Emmitt Henderson: That's a good one, Mike, because I get that question a lot. And the best thing that I can say is to get involved. You know, don't not necessarily have to be center stage when you get involved with organizations like yours, organizations like mine, or even support groups. Social media offers so much, and I know people are not wanting to put their information out there, but getting involved, you have options to just go in in these groups, listen.

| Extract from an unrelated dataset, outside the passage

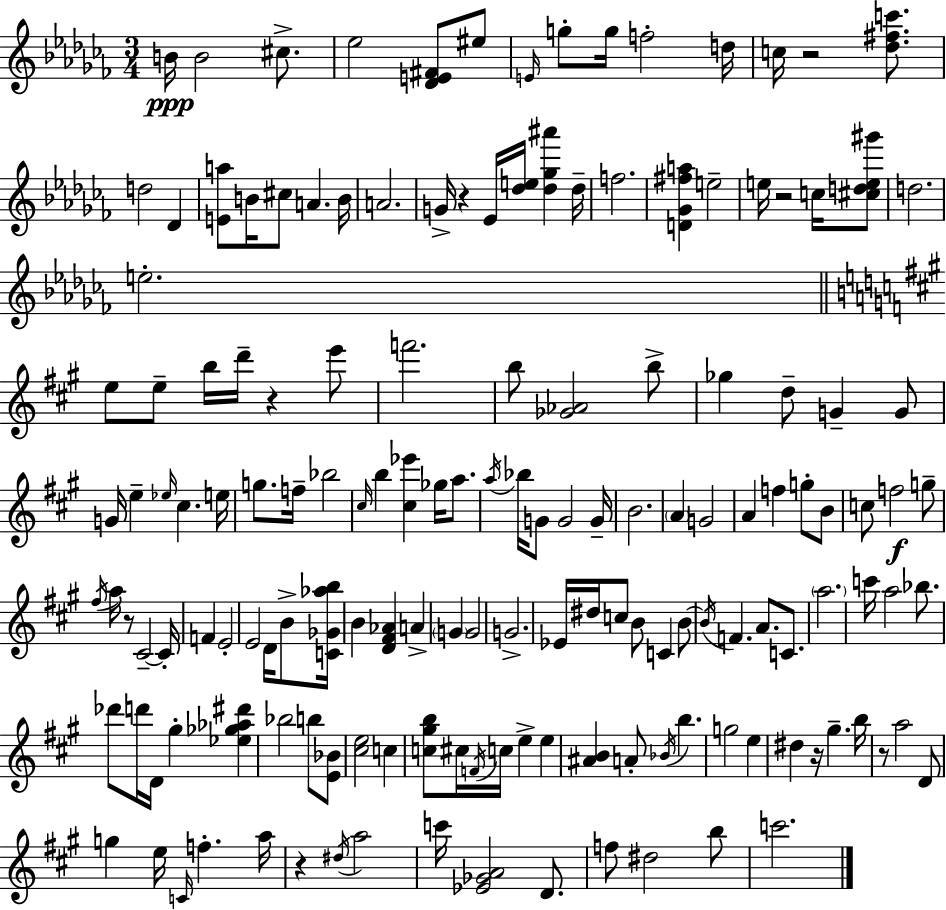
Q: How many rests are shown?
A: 8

You don't necessarily have to speak and be center stage like I mentioned, but when you listen to hear what other people are sharing, then you kind of put in perspective what you're going through and sometimes you just want that ear, but you don't want that reply. And starting with these groups, you can listen to everything that they're going through, you can hear similar situations of yours, and sometimes that will want you to speak out or share more. You know, every sessions of most meetings, we have chat sessions, you could even type in questions in the chat instead of speaking and then that eventually sometimes can build your confidence on, like I said, speaking more. I've had guys that started that way. No camera, not speaking at all. Third time in, next thing you know, they're speaking with no camera. Fourth, fifth time in, I can't get them to be quiet and they're just such a blessing to open up because again, sometimes they can't open up to their closest people but they have with us that safe space, the confidential space, and they know that they're speaking with people walking in their same shoes.

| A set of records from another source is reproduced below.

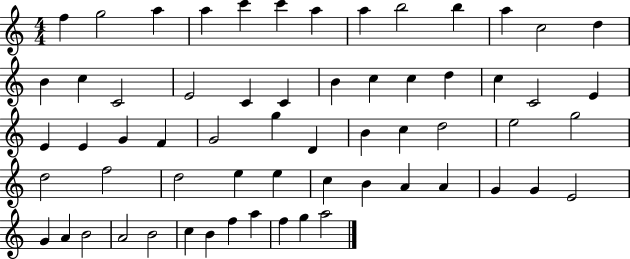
{
  \clef treble
  \numericTimeSignature
  \time 4/4
  \key c \major
  f''4 g''2 a''4 | a''4 c'''4 c'''4 a''4 | a''4 b''2 b''4 | a''4 c''2 d''4 | \break b'4 c''4 c'2 | e'2 c'4 c'4 | b'4 c''4 c''4 d''4 | c''4 c'2 e'4 | \break e'4 e'4 g'4 f'4 | g'2 g''4 d'4 | b'4 c''4 d''2 | e''2 g''2 | \break d''2 f''2 | d''2 e''4 e''4 | c''4 b'4 a'4 a'4 | g'4 g'4 e'2 | \break g'4 a'4 b'2 | a'2 b'2 | c''4 b'4 f''4 a''4 | f''4 g''4 a''2 | \break \bar "|."
}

Mike Spigler: Great advice.

Tamara Ruggiero: Emmitt, I'm curious how you've maintained a positive mindset and I'm wondering what that's been like for you. Have you always had this positive mindset or have you grown into it?

Emmitt Henderson: You know, Tamara, it's a good question again because back then, you know, back in the 90s, I had the momentum and the confidence to doing what I did as a manager in my organization. Raising two kids at a young age as well, I knew I had a focus. So that's what it was and that's how I stayed positive. No, there was a lot of times that I had doubts because I didn't know what this disease was bringing me. There was a lot of times that the doctors made things sound negative, but to me it was "okay, well, I can't take it that way because I can't get to that negativity". And so I kept on going with it and everything went to my advantage to where when I knew that I was able to overcome a certain failure in my body, I felt "okay, I think I'm doing well, I can maintain course, let's keep going". Next thing you know, everything to me kept getting stronger in life. The work promotions despite having the illness, know, people saying that you look good from the outside.

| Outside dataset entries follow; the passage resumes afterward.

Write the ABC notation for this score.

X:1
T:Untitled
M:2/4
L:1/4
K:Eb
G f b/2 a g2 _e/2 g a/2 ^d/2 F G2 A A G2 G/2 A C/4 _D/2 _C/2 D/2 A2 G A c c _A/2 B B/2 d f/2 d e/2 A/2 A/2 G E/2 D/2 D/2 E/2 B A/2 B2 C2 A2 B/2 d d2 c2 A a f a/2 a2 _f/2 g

And I'm like, well, you just don't know what's going on inside, but I'm gonna take it as a compliment. That's another positivity in my life. And then the fact that I'm able to keep my mental health strong, that is where it just got to me to where I knew that I can do this. And there's a lot of things that I can say that back in the early times that I wish I would have known this, but I'm pretty confident and happy that my course went the way it did because it was a learning course. It was a learning curve that took me to where I have built up the strength I have today because of my experience in the past.

Tamara Ruggiero: Yeah, and what would you say to somebody who's watching this and saying, well, you know, he's a really positive guy. He's in a really good place mentally. I am not. I am struggling and I just don't see how I can get there.

Emmitt Henderson: You know, I would start to tell them that it does start within you because it doesn't just come and happen overnight and it didn't with me. I had to build it. But again, I had to focus on getting better myself. And there's a lot of affirmations that I repeated to myself about getting better. A lot of, you know, positivity that was around me that was important. You have to surround yourself with positive people.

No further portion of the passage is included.